Manatees are large, gentle creatures that seem to touch an emotional chord in most people that encounter them. They live in the coastal areas of the southern US and through-out the Caribbean. Being mammals, they are sensitive to the cold. As a result, every Florida winter they return from the ocean and head for the rivers that have underwater springs which pump out relatively warm 72 degree water.
Although there are a lot of springs that attract manatees, there two locations where you can readily swim with them: Crystal River/King’s Bay and Homosassa Springs.
Of the two, Crystal River usually has the highest concentration of Manatees. As a result, it is the most popular and an entire industry has been built around this fact. Crystal River is on the west coast of Florida about 70 miles north of Tampa (100 miles west of Orlando). There are a bunch of small tour companies there that will take you on a pontoon boat directly to the manatees so you can snorkel with them for a couple hours. The cost is about $75 per person and includes snorkeling gear and a wetsuit (you will need it…72 might be warm to a manatee but I guarantee you will find it chilly!) If you haven’t done much snorkeling, don’t let that stop you… most of the places the tours hit are shallow enough that you can simply walk on the bottom rather than swim.
On the other hand, Crystal River’s very popularity has resulted in a number of rules and regulations to ensure that overly enthusiastic tourists (and photographers) don’t harass the manatees. As a result, if your primary interest is in photographing manatees (rather than just snorkeling with them), then you might prefer Homosassa Springs. For example, you are not allowed to use underwater flash/strobes anymore in Crystal River, but there are no such restrictions in Homosassa. These regulations seem to change yearly as the government attempts to balance the best interests of the manatees and the public’s desire to swim with these wonderful creatures. Please check online here and here to ensure that you have the latest info. If you book a tour, your boat captain will know the regulations…just ask.

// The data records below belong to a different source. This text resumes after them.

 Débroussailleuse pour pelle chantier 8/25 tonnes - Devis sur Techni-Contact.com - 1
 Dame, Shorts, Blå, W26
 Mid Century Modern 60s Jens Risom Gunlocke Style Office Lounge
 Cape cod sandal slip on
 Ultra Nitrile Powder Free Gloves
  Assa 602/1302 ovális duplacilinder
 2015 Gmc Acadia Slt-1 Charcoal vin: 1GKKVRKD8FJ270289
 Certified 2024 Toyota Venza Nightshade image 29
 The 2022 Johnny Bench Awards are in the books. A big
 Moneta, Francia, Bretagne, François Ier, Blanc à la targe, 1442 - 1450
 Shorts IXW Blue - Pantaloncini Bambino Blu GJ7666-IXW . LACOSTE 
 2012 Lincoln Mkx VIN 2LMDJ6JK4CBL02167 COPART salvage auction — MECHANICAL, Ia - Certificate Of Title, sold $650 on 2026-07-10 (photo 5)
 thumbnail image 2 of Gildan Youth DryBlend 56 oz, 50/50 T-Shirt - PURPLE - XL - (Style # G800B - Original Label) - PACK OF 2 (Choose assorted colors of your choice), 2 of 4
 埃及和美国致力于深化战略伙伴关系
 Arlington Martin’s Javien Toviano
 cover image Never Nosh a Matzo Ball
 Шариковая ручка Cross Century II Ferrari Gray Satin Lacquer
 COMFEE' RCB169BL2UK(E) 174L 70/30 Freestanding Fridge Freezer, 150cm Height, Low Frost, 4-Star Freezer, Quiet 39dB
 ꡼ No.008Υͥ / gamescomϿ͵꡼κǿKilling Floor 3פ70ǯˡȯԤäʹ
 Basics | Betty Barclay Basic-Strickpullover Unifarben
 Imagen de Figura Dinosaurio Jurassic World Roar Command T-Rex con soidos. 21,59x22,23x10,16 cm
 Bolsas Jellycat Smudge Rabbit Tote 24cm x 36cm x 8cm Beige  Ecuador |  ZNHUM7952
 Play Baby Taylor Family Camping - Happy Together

My photo tips for Manatees:
- Obviously you will need a waterproof camera. Fortunately, this isn’t like photographing 60′ below the surface inside a wreck…you are shooting in 5 feet of water (freshwater at that) I’ve used everything from a high-end DSLR in an expensive underwater housing to $300 waterproof point-n-shoots.
- A DSLR can certainly provide better quality and if you are trying to produce world-class work, then it is the way to go. However, if the shots are just for your own use and you aren’t going to try to print anything larger than 8×10, then a high-end waterproof point-n-shoot is a lot easier to use and will give you adequate quality.
- If you know how to use Photoshop, you will want to shoot in RAW. This will help to avoid blown-out highlights plus you can adjust the white balance in post processing to account for the shift into the blue spectrum.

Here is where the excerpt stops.